Solvency II Standardformel Review: EIOPA veröffentlicht zweites Konsultationspapier

Am 8. Dezember 2016 startete EIOPA mit der Veröffentlichung des ersten Diskussionspapiers zum Review der Standardformel (siehe Blogbeitrag vom 12. Dezember 2016). Der Review wurde in zwei Sets aufgeteilt. In einem ersten Set wurden Änderungsvorschläge zu verschiedenen Themenbereichen in einem ersten Konsultationspapiers veröffentlicht (siehe Blogbeitrag vom 5. Juli 2017). Diese wurden anschließend mit verschiedenen Stakeholder Gruppen diskutiert und in einem ersten Set an Empfehlungen von EIOPA veröffentlicht (siehe Blog-Beitrag vom 9. November 2017).

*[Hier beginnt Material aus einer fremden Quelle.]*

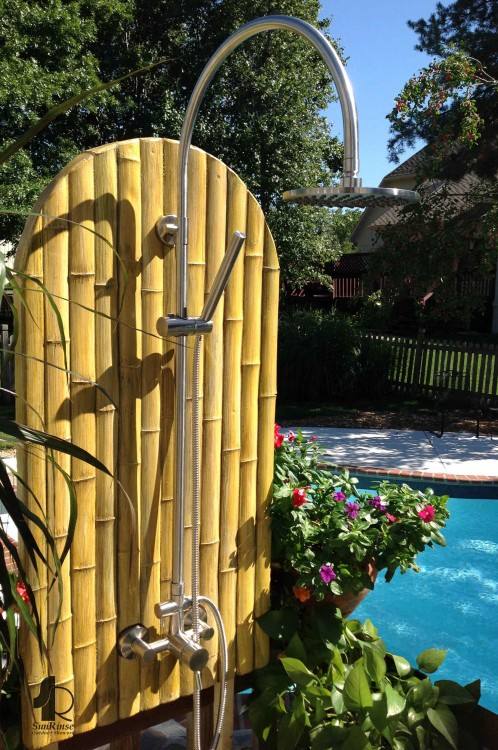 bamboo fence shower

Das zweite Konsultationspapier wurde nun am 6. November 2017 durch EIOPA veröffentlicht. Es greift einzelne Themengebiete des ersten Sets auf und vertieft diese und behandelt auch zusätzliche Themen. Folgende Bereiche werden somit in dem zweiten Set behandelt:

  • Prämien- und Reserverisiko
  • Invaliditäts-/Morbiditätsrisiko
  • Katastrophenrisiken
  • Zinsrisiko
  • Marktrisiko
  • Wechselkursrisiko auf Gruppenebene
  • nicht-geratete Schuldverschreibungen
  • nicht-börsennotierte Aktien
  • strategische Beteiligungen
  • Vereinfachungen des Gegenparteiausfallrisiko
  • Behandlung von Risikopositionen gegenüber CCPs und Änderungen aufgrund von EMIR
  • Vereinfachungen des Look-through Ansatzes
  • Look-through Ansatz auf Gruppenebene
  • Anpassung für die Verlustausgleichsfähigkeit der versicherungstechnischen Rückstellungen und latenten Steuern
  • Kapitalkosten bei der Risikomarge
  • Vergleich der Eigenmittel im Versicherungs- und Bankenbereich
  • Anlageinstrumente, welche lediglich als Tier 1 qualifiziert sind, bis zu 20% der gesamten Tier 1 Instrumente

Ziel der zweiten Konsultation ist die Gewährleistung einer verhältnismäßigen und technisch robusten, risikosensitiven und einheitlichen Aufsichtsregelung für den Versicherungssektor und die Implementierung von etwaigen Vereinfachungen vorzuschlagen.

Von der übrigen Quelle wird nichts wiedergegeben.